#### [Dataset]

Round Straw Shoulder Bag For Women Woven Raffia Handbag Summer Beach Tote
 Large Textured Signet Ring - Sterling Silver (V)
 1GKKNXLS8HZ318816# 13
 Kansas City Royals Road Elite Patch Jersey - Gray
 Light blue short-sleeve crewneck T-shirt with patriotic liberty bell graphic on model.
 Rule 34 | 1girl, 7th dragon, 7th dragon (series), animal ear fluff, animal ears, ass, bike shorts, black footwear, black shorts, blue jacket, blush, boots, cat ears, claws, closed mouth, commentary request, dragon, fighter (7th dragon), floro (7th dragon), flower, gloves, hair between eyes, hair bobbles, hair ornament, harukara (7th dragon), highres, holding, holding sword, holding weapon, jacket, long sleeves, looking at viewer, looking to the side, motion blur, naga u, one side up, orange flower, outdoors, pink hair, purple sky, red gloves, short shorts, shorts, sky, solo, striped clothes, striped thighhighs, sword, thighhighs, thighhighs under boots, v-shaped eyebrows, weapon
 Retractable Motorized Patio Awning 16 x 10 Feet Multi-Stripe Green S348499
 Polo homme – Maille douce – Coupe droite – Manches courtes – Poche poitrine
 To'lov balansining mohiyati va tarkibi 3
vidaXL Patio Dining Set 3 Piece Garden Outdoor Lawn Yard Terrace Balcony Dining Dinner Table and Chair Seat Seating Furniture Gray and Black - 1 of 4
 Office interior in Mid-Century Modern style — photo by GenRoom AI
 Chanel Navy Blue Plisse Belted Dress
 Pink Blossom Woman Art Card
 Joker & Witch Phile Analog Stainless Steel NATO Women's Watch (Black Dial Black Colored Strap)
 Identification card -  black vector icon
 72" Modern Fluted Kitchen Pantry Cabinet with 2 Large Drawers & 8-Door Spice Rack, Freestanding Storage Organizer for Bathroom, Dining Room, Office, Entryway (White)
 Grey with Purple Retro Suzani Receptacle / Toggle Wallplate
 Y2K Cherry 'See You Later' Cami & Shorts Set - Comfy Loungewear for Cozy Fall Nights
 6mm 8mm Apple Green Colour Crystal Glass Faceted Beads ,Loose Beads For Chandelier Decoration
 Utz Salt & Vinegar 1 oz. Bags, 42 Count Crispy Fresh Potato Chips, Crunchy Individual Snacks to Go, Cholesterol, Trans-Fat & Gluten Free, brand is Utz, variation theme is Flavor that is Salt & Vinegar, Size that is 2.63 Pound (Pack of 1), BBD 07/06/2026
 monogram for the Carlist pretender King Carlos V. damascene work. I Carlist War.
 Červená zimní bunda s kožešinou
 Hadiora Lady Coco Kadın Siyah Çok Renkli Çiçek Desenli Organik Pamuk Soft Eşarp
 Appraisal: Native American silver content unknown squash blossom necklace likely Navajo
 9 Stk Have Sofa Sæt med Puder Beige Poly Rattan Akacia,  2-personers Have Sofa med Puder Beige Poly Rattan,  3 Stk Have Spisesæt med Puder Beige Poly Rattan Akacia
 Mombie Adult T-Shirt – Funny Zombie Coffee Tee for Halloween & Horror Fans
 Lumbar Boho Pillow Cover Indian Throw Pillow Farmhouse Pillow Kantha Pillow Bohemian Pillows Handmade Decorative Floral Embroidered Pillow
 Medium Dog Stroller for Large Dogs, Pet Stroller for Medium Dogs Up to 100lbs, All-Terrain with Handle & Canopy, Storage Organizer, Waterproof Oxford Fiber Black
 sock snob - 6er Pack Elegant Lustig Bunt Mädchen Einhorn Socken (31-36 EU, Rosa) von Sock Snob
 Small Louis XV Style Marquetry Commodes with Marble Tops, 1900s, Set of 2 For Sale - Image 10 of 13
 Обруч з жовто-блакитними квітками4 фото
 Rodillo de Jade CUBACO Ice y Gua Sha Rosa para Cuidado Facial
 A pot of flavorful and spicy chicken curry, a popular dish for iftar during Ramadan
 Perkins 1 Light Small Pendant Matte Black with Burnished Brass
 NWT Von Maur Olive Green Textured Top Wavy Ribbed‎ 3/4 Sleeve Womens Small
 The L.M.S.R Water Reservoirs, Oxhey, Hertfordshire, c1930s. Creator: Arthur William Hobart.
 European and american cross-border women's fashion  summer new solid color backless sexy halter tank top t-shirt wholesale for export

#### [What to work on]
All the records shown above need to be given again exactly.

#### [Answer below]
Round Straw Shoulder Bag For Women Woven Raffia Handbag Summer Beach Tote
 Large Textured Signet Ring - Sterling Silver (V)
 1GKKNXLS8HZ318816# 13
 Kansas City Royals Road Elite Patch Jersey - Gray
 Light blue short-sleeve crewneck T-shirt with patriotic liberty bell graphic on model.
 Rule 34 | 1girl, 7th dragon, 7th dragon (series), animal ear fluff, animal ears, ass, bike shorts, black footwear, black shorts, blue jacket, blush, boots, cat ears, claws, closed mouth, commentary request, dragon, fighter (7th dragon), floro (7th dragon), flower, gloves, hair between eyes, hair bobbles, hair ornament, harukara (7th dragon), highres, holding, holding sword, holding weapon, jacket, long sleeves, looking at viewer, looking to the side, motion blur, naga u, one side up, orange flower, outdoors, pink hair, purple sky, red gloves, short shorts, shorts, sky, solo, striped clothes, striped thighhighs, sword, thighhighs, thighhighs under boots, v-shaped eyebrows, weapon
 Retractable Motorized Patio Awning 16 x 10 Feet Multi-Stripe Green S348499
 Polo homme – Maille douce – Coupe droite – Manches courtes – Poche poitrine
 To'lov balansining mohiyati va tarkibi 3
vidaXL Patio Dining Set 3 Piece Garden Outdoor Lawn Yard Terrace Balcony Dining Dinner Table and Chair Seat Seating Furniture Gray and Black - 1 of 4
 Office interior in Mid-Century Modern style — photo by GenRoom AI
 Chanel Navy Blue Plisse Belted Dress
 Pink Blossom Woman Art Card
 Joker & Witch Phile Analog Stainless Steel NATO Women's Watch (Black Dial Black Colored Strap)
 Identification card -  black vector icon
 72" Modern Fluted Kitchen Pantry Cabinet with 2 Large Drawers & 8-Door Spice Rack, Freestanding Storage Organizer for Bathroom, Dining Room, Office, Entryway (White)
 Grey with Purple Retro Suzani Receptacle / Toggle Wallplate
 Y2K Cherry 'See You Later' Cami & Shorts Set - Comfy Loungewear for Cozy Fall Nights
 6mm 8mm Apple Green Colour Crystal Glass Faceted Beads ,Loose Beads For Chandelier Decoration
 Utz Salt & Vinegar 1 oz. Bags, 42 Count Crispy Fresh Potato Chips, Crunchy Individual Snacks to Go, Cholesterol, Trans-Fat & Gluten Free, brand is Utz, variation theme is Flavor that is Salt & Vinegar, Size that is 2.63 Pound (Pack of 1), BBD 07/06/2026
 monogram for the Carlist pretender King Carlos V. damascene work. I Carlist War.
 Červená zimní bunda s kožešinou
 Hadiora Lady Coco Kadın Siyah Çok Renkli Çiçek Desenli Organik Pamuk Soft Eşarp
 Appraisal: Native American silver content unknown squash blossom necklace likely Navajo
 9 Stk Have Sofa Sæt med Puder Beige Poly Rattan Akacia,  2-personers Have Sofa med Puder Beige Poly Rattan,  3 Stk Have Spisesæt med Puder Beige Poly Rattan Akacia
 Mombie Adult T-Shirt – Funny Zombie Coffee Tee for Halloween & Horror Fans
 Lumbar Boho Pillow Cover Indian Throw Pillow Farmhouse Pillow Kantha Pillow Bohemian Pillows Handmade Decorative Floral Embroidered Pillow
 Medium Dog Stroller for Large Dogs, Pet Stroller for Medium Dogs Up to 100lbs, All-Terrain with Handle & Canopy, Storage Organizer, Waterproof Oxford Fiber Black
 sock snob - 6er Pack Elegant Lustig Bunt Mädchen Einhorn Socken (31-36 EU, Rosa) von Sock Snob
 Small Louis XV Style Marquetry Commodes with Marble Tops, 1900s, Set of 2 For Sale - Image 10 of 13
 Обруч з жовто-блакитними квітками4 фото
 Rodillo de Jade CUBACO Ice y Gua Sha Rosa para Cuidado Facial
 A pot of flavorful and spicy chicken curry, a popular dish for iftar during Ramadan
 Perkins 1 Light Small Pendant Matte Black with Burnished Brass
 NWT Von Maur Olive Green Textured Top Wavy Ribbed‎ 3/4 Sleeve Womens Small
 The L.M.S.R Water Reservoirs, Oxhey, Hertfordshire, c1930s. Creator: Arthur William Hobart.
 European and american cross-border women's fashion  summer new solid color backless sexy halter tank top t-shirt wholesale for export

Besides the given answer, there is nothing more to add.